◆ ENTRIES SUPPLIED
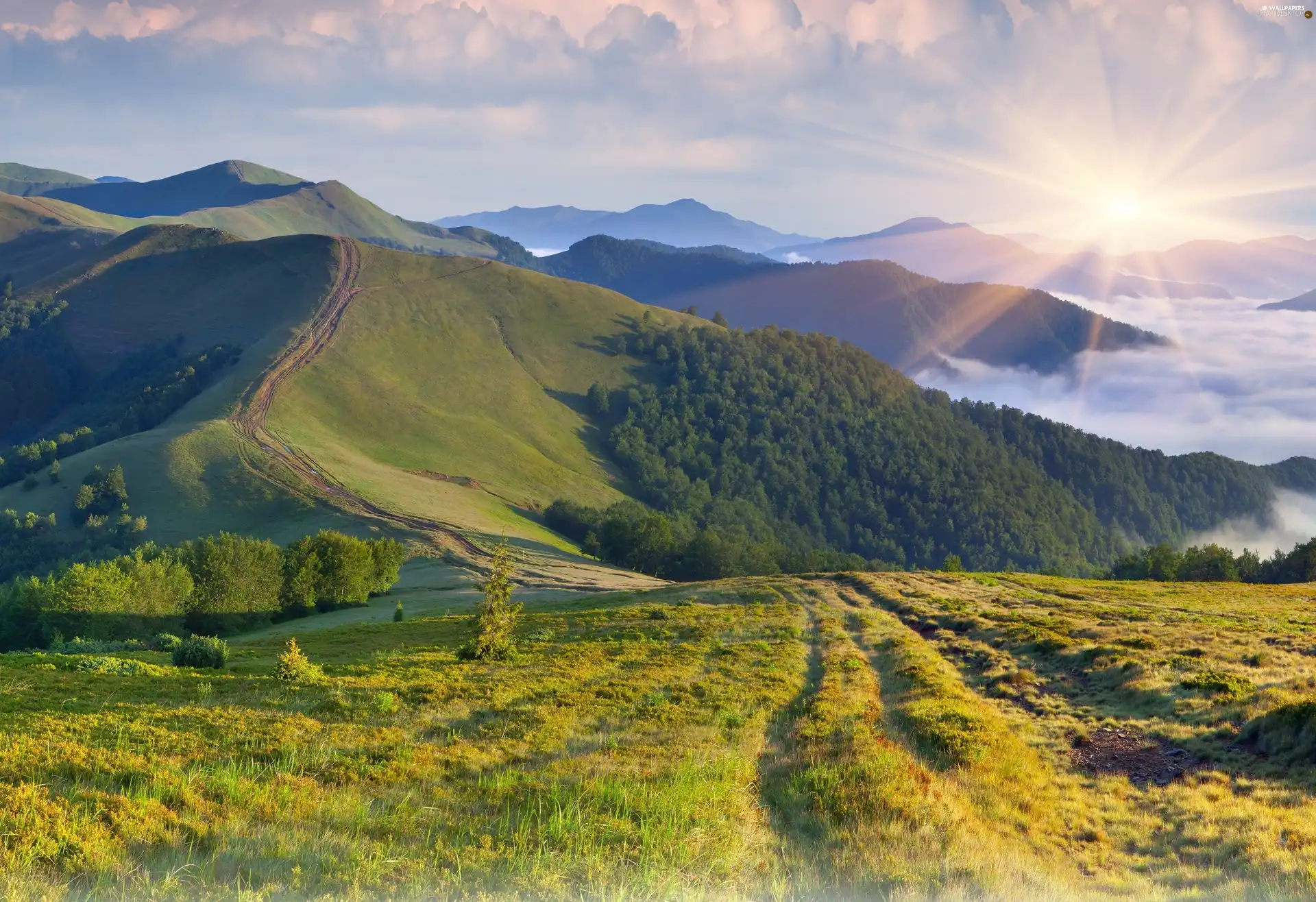 clouds, woods, rays, medows, Mountains, Fog, sun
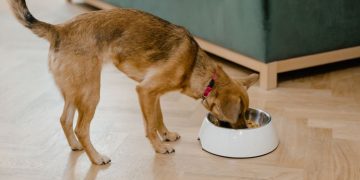 How to Choose the Best Dog Food for Your Allergic Dog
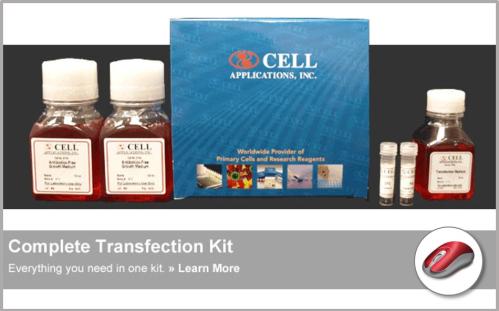 Cytofect™ Transfection Kits | Complete System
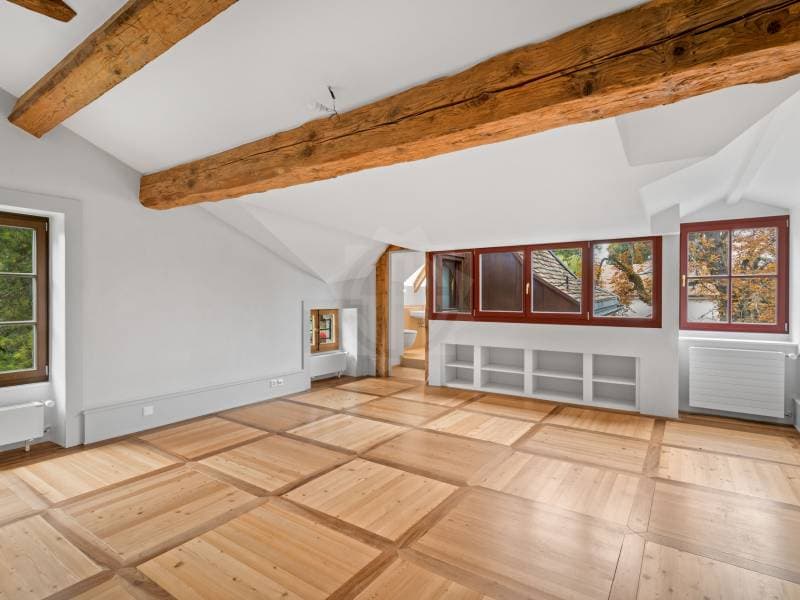 Exceptional Villa - Chêne-Bougeries (6)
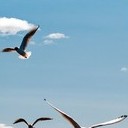 Волоколамск, Ржев, Осташков, Селигерские Кижи, Оковецкий источник, Нилова пустынь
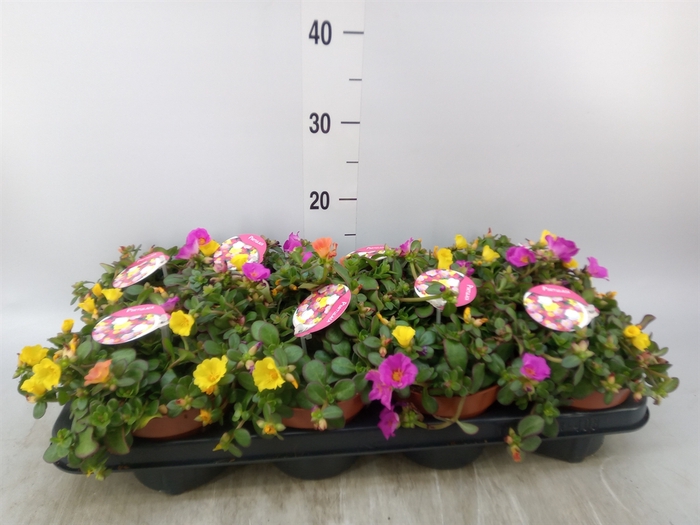 <h4>Portulaca   ...mix in pot</h4>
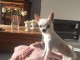 Chien (chiwawa) Disponible de suite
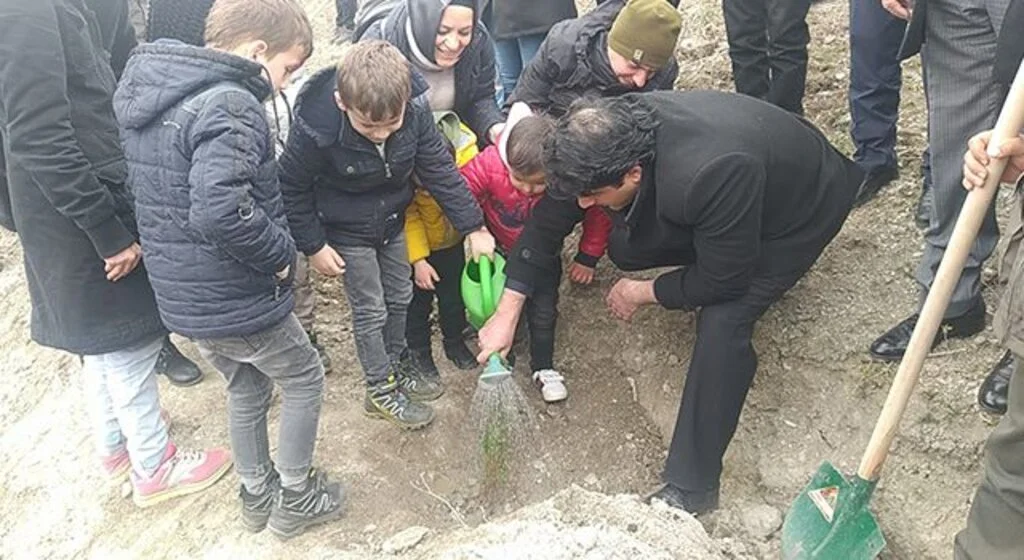 Vezirköprü'de 36 bin 950 fidan toprak ile buluşacak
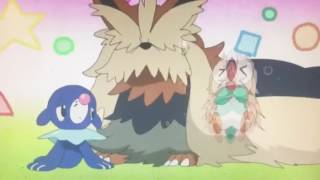 Wake up Rowlet Wake up Rowlet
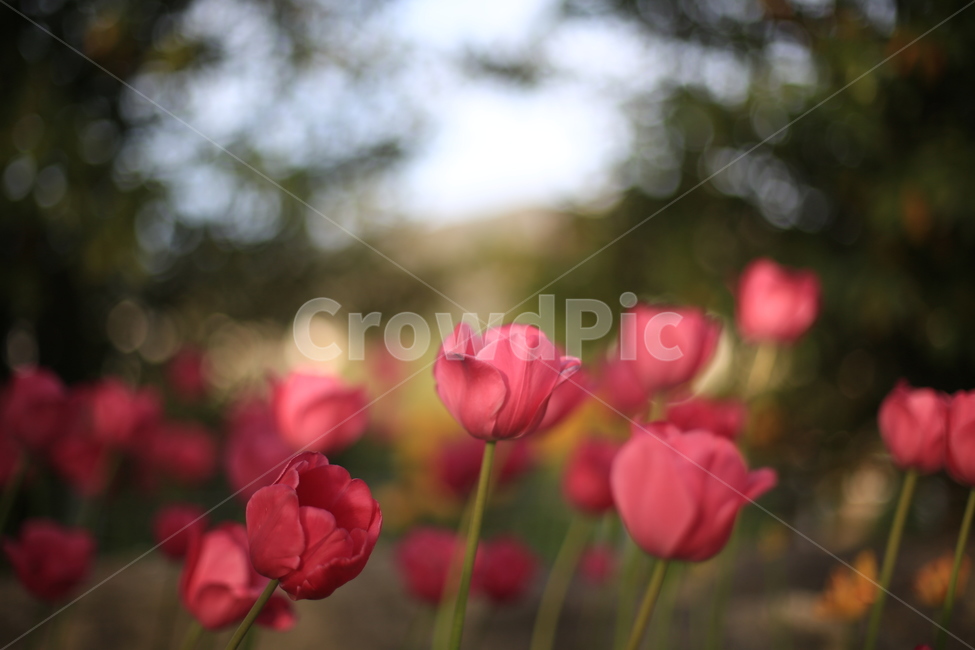 봄,꽃,튤립,연지공원,햇살,꽃말,봄,계절,spring,season,식물,자연,plants,nature,꽃,flower,감성,sensible,feeling,색깔,색상,색채,색감,color sense,color sensitivity,feeling of color,plant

◆ PROBLEM TO SOLVE
Starting from the line that contains "Волоколамск, Ржев, Осташков, Селигерские", transcribe exactly each line down to the final line of the material above, excluding every picture and adding nothing else.

◆ REPLY
 Волоколамск, Ржев, Осташков, Селигерские Кижи, Оковецкий источник, Нилова пустынь
 <h4>Portulaca   ...mix in pot</h4>
 Chien (chiwawa) Disponible de suite
 Vezirköprü'de 36 bin 950 fidan toprak ile buluşacak
 Wake up Rowlet Wake up Rowlet
 봄,꽃,튤립,연지공원,햇살,꽃말,봄,계절,spring,season,식물,자연,plants,nature,꽃,flower,감성,sensible,feeling,색깔,색상,색채,색감,color sense,color sensitivity,feeling of color,plant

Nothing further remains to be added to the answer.